People v. Mikula, 357 Ill. 481 (1934)

Oct. 19, 1934 · Illinois Supreme Court · No. 22508
357 Ill. 481

(No. 22508.

The People of the State of Illinois, Defendant in Error, vs. Stanley Mikula, Plaintiff in Error.

Opinion filed October 19, 1934.

*482Thaddeus C. Toudor, for plaintiff in error.

Otto Kerner, Attorney General, Thomas J. Courtney, State’s Attorney, and J. J. Neiger, (Edward E. Wilson, J. Albert Woll, and Henry E. Seyfarth, of counsel,) for the People.

*483Mr. Chief Justice Jones

delivered the opinion of the court:

Stanley Mikula and Joe Lukio were jointly indicted in the criminal court of Cook cóunty for the robbery of Ella Hanson. Mikula waived a jury and was tried by the court. He was found guilty of robbery and sentenced to “the penitentiary of this State at Joliet.” A writ of error was sued out to reverse the judgment.

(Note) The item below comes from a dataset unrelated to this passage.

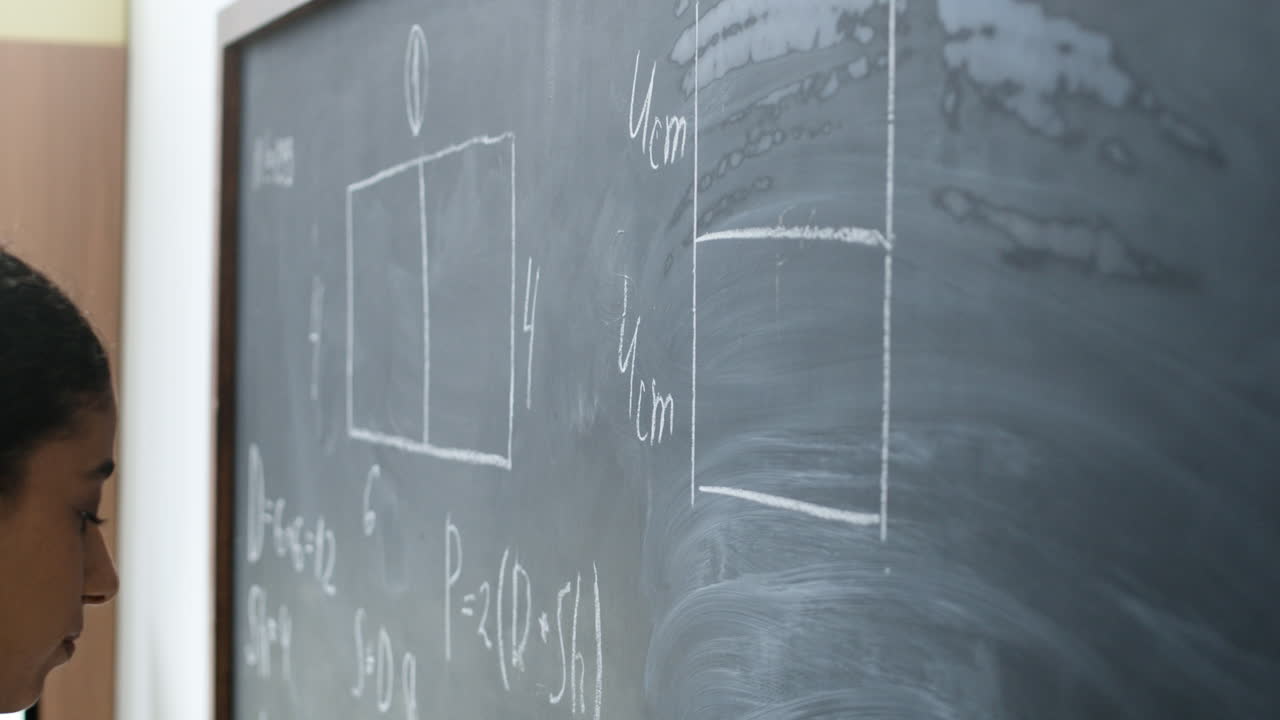 Student Solving Geometry Problem on Chalkboard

It is claimed that the judgment is erroneous because it fails to designate the specific place of confinement in accordance with sections 1. and 2 of the Sentence and Parole act, (Cahill’s Stat. 1933, chap, 38, pars. 795 et seq. p. 1089,) which provide that the sentence shall be to “the Illinois State Penitentiary.” Section 1 of the act relates only to definite sentences for the crimes of treason, murder, rape and kidnaping. Obviously it has no application to this case. Sections 2 and 3 provide for indeterminate sentences (except to jail) for all crimes not enumerated in section 1. Section 2 provides that every such sentence “shall be a general sentence of imprisonment.” Section 3 requires that persons • convicted of felony or other crime punishable by imprisonment in the penitentiary (other than minors of certain ages) shall “be sentenced to the penitentiary.” Neither section requires the court to fix a specific place of confinement.

Section 1 of the act in relation to the Illinois State Penitentiary, approved June 30, 1933, (Cahill’s Stat. 1933, par. 113, p. 2138,) provides: “The institutions heretofore known as the Illinois State Penitentiary, at Joliet, the Southern Illinois Penitentiary, at Chester, the Illinois State Reformatory, at Pontiac, and the Illinois Asylum for Insane Criminals, at Chester, are hereby consolidated into a single institution to be known as the Illinois State Penitentiary. The expression ‘penitentiary system’ hereafter used in this act shall be taken to mean the institution resulting from such consolidation.” Section 3 of the same *484act provides: "All commitments which under the law heretofore in force would have been made to the Illinois State Penitentiary, at Joliet, to the Southern Illinois Penitentiary, at Chester, or to the Illinois State Reformatory, at Pontiac, shall hereafter be made to the penitentiary generally, and the Department of Public Welfare shall have full power to assign the committed person to the division of the penitentiary system appropriated to his class.” This statute not only makes no requirement that the judgment shall definitely name the particular penitentiary to which the convicted person shall be committed, but expressly provides that the sentence shall be to the penitentiary, generally. The Department of Public Welfare has the power to determine in which penitentiary he shall be confined.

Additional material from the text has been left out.